#### Your task:
Pictures stay out; please output the remaining data exactly.

(Supplied data Opens)

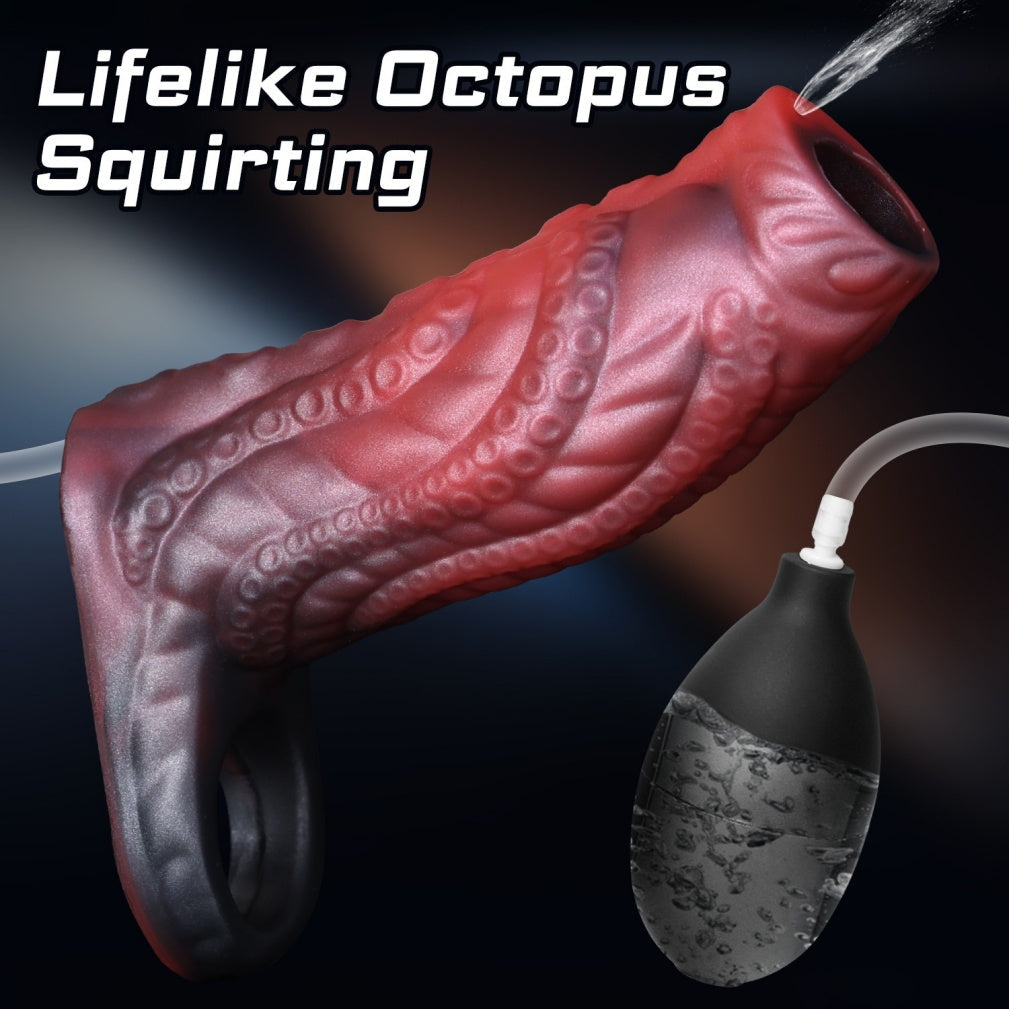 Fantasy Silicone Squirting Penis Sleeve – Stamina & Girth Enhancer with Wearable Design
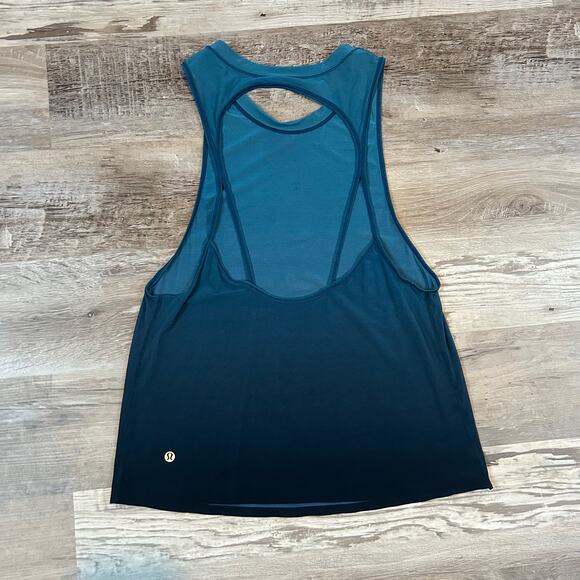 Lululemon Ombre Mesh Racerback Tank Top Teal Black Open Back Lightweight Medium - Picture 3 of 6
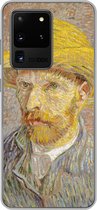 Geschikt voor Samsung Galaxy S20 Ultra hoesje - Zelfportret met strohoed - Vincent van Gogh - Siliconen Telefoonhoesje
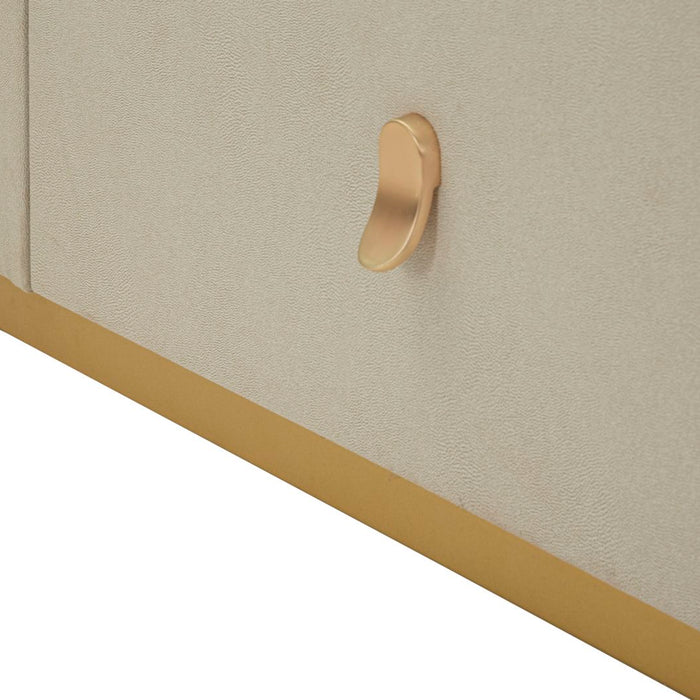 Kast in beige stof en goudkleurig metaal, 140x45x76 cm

(Supplied data Closes)

#### Answer to this exercise:
 Fantasy Silicone Squirting Penis Sleeve – Stamina & Girth Enhancer with Wearable Design
 Lululemon Ombre Mesh Racerback Tank Top Teal Black Open Back Lightweight Medium - Picture 3 of 6
 Geschikt voor Samsung Galaxy S20 Ultra hoesje - Zelfportret met strohoed - Vincent van Gogh - Siliconen Telefoonhoesje
 Kast in beige stof en goudkleurig metaal, 140x45x76 cm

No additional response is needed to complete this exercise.